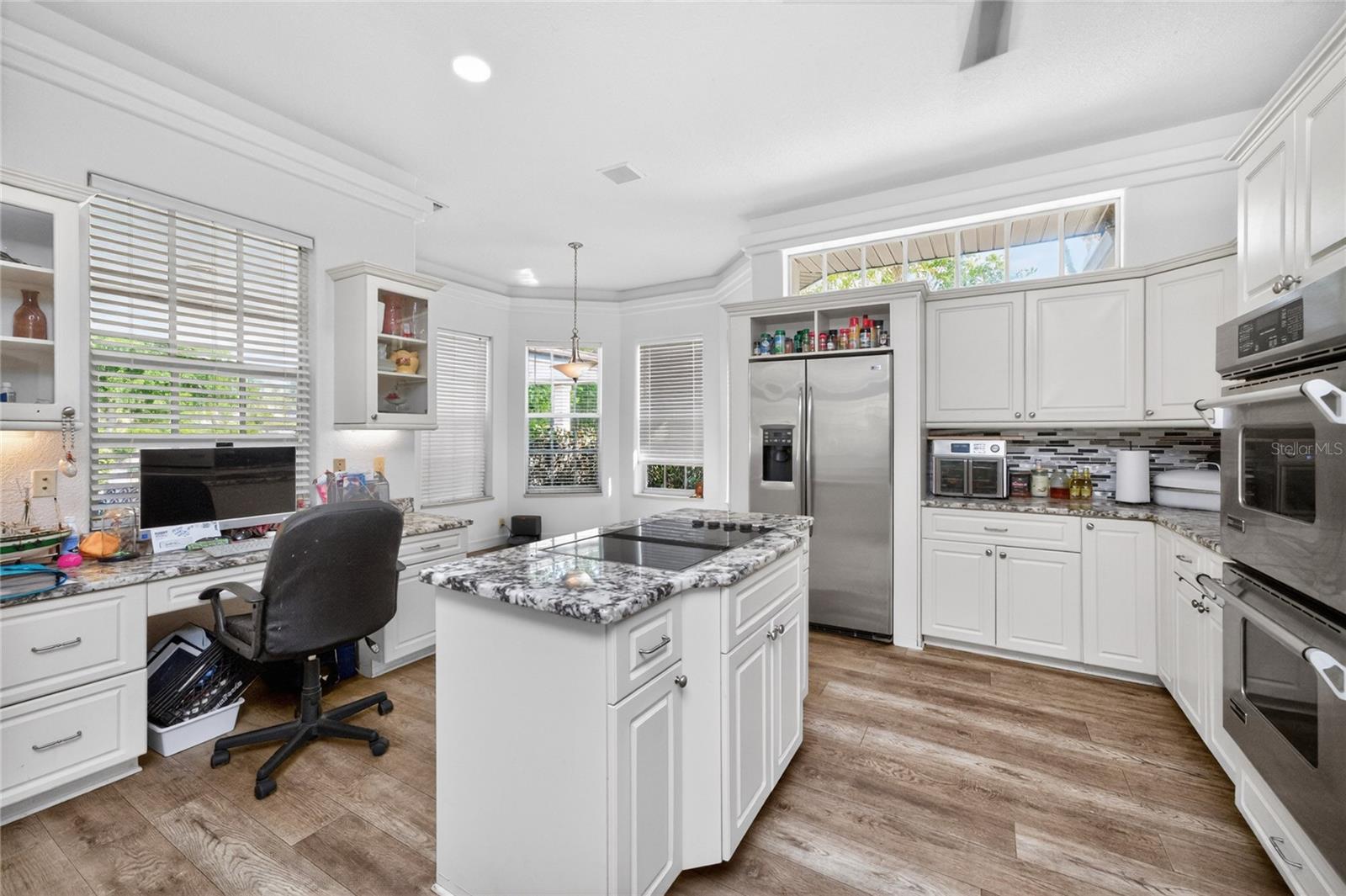 1049 HARBOUR GLEN PL, PUNTA GORDA, FL, 33983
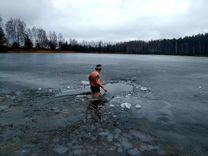 Paskaties, Melnezerā peldas arī ziemā! /VIDEOREPORTĀŽA/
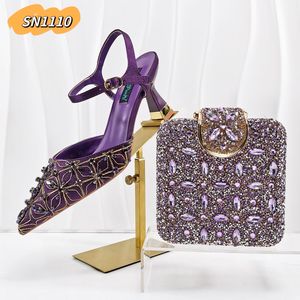 Nuovo Set di Scarpe e Borse Coordinate Viola in Pelle PU con <span class=keywords><strong>Tacchi</strong></span> Alti, Scarpe da Festa e Set Borsa da Donna 2026, Pochette con Cristalli - Product Image 1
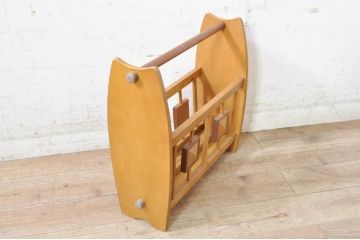 和製ビンテージ　凝ったデザインが珍しいマガジンラック(本立て、収納、ヴィンテージ)(R-072902)
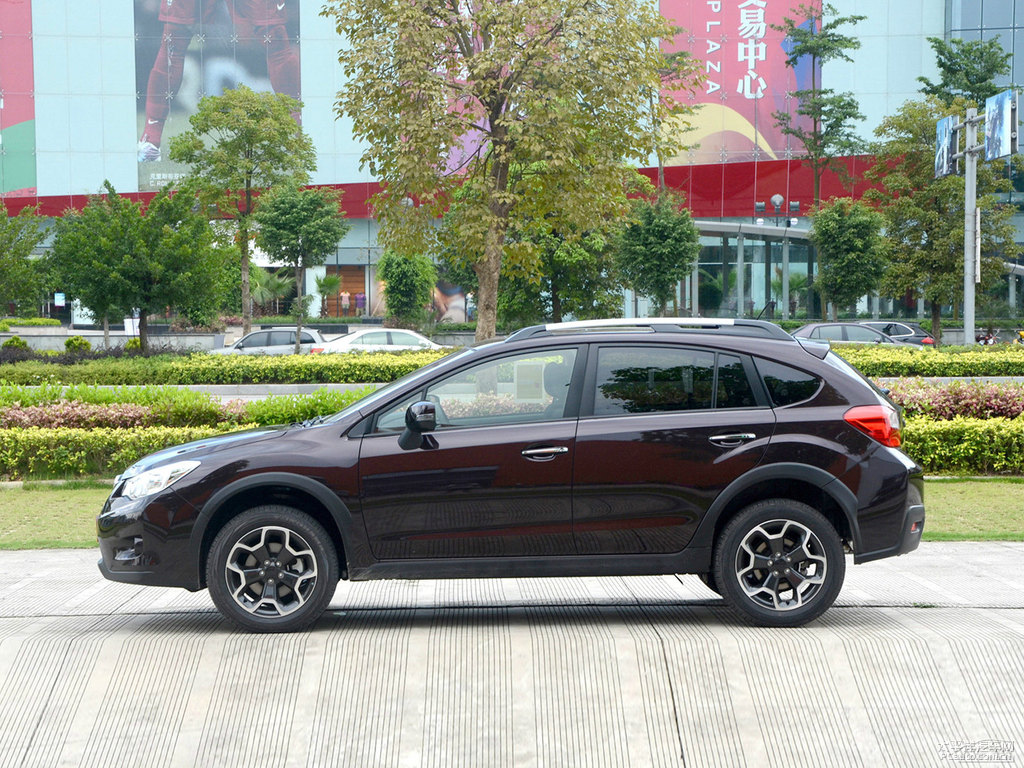 黑曜珍珠黑斯巴魯XV整車外觀外觀圖片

----------------

PROBLEM DESCRIPTION: With the pictures left out, return the listing above exactly as it stands.

OUTPUT FOR THIS EXERCISE:
 1049 HARBOUR GLEN PL, PUNTA GORDA, FL, 33983
 Paskaties, Melnezerā peldas arī ziemā! /VIDEOREPORTĀŽA/
 Nuovo Set di Scarpe e Borse Coordinate Viola in Pelle PU con <span class=keywords><strong>Tacchi</strong></span> Alti, Scarpe da Festa e Set Borsa da Donna 2026, Pochette con Cristalli - Product Image 1
 和製ビンテージ　凝ったデザインが珍しいマガジンラック(本立て、収納、ヴィンテージ)(R-072902)
 黑曜珍珠黑斯巴魯XV整車外觀外觀圖片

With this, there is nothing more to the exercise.